### The records

=== Begin Enclosure ===

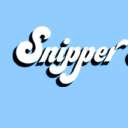 snipper nixon limited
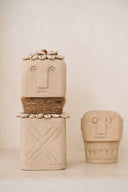 the-sumba-stone-30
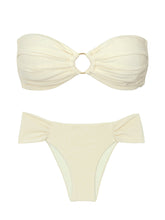 Load image into Gallery viewer, Product Front: Rio De Sol Set Set Malibu-Natural Mavi Baobi
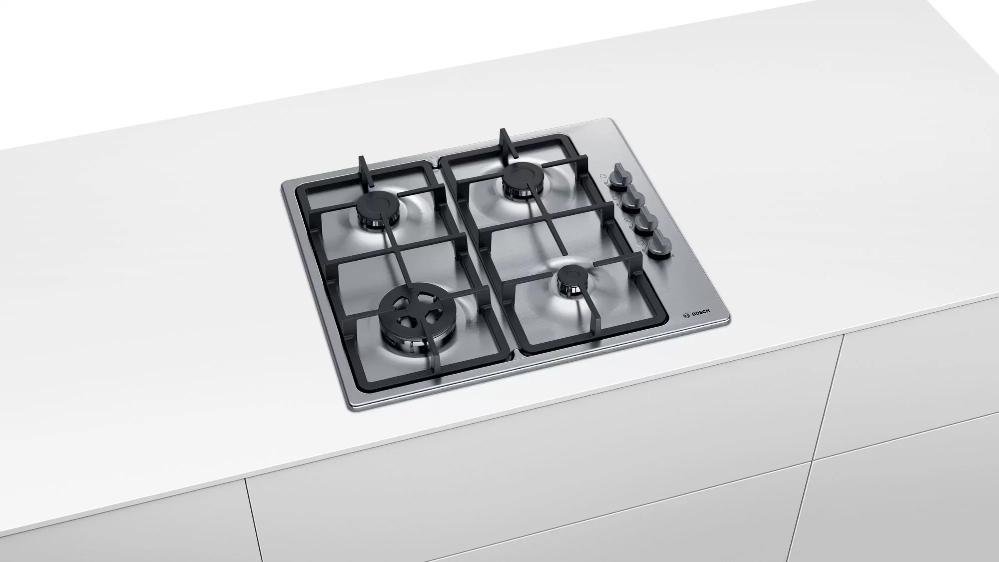 Варочная панель Bosch PBH6C5B95R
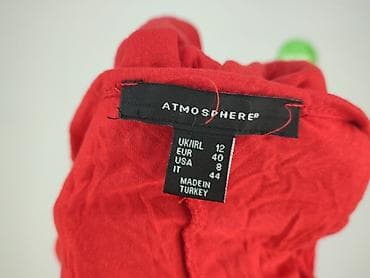 bluzy reserved: Atmosphere, Top damski, rozmiar M — 4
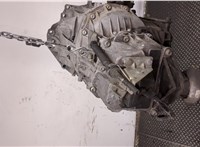  КПП - вариатор Audi A4 (B6) 2000-2004 9417984 #2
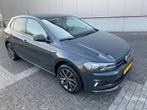 VOLKSWAGEN POLO 1.0 MPI Beats Grijs, Auto-onderdelen, Gebruikt, Volkswagen, Ophalen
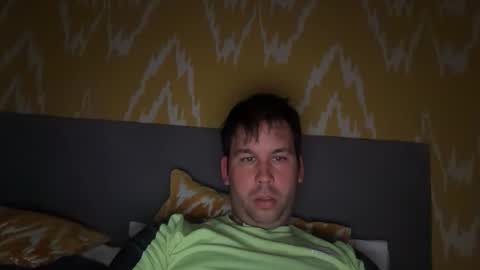 Snapshot of nachosev chatting on 21, 4, 2026 jesussevilla online show from 21, 4, 2026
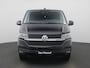 Volkswagen Transporter 2.0 TDI L1H1 150PK | Automaat | Multifunctioneel Stuurwiel | Cruise Control | Navigatie | Parkeersensoren Voor + Achter | Apple/Android Carplay | DAB+ |
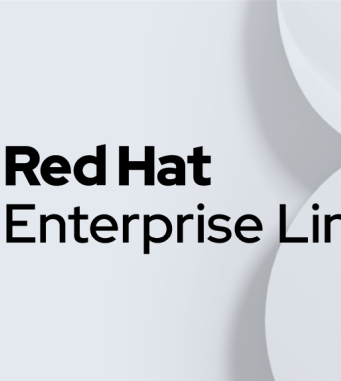 Red Hat Enterprise Linux 8 เปิดตัวฟีเจอร์จัดการเซิร์ฟเวอร์ใหม่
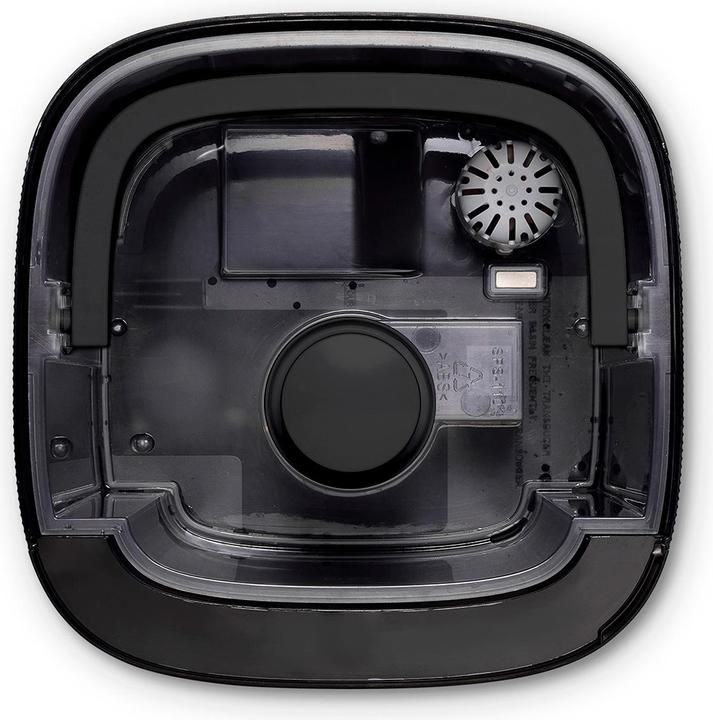 Actual product image Clean Air Optima CA-605B Smart Top Filling (65 m²)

=== End Enclosure ===

### Activity
Print the listing again exactly as it appears, except for the pictures, which stay out.

### Exercise solution
 snipper nixon limited
 the-sumba-stone-30
 Load image into Gallery viewer, Product Front: Rio De Sol Set Set Malibu-Natural Mavi Baobi
 Варочная панель Bosch PBH6C5B95R
 bluzy reserved: Atmosphere, Top damski, rozmiar M — 4
  КПП - вариатор Audi A4 (B6) 2000-2004 9417984 #2
 VOLKSWAGEN POLO 1.0 MPI Beats Grijs, Auto-onderdelen, Gebruikt, Volkswagen, Ophalen
 Snapshot of nachosev chatting on 21, 4, 2026 jesussevilla online show from 21, 4, 2026
 Volkswagen Transporter 2.0 TDI L1H1 150PK | Automaat | Multifunctioneel Stuurwiel | Cruise Control | Navigatie | Parkeersensoren Voor + Achter | Apple/Android Carplay | DAB+ |
 Red Hat Enterprise Linux 8 เปิดตัวฟีเจอร์จัดการเซิร์ฟเวอร์ใหม่
 Actual product image Clean Air Optima CA-605B Smart Top Filling (65 m²)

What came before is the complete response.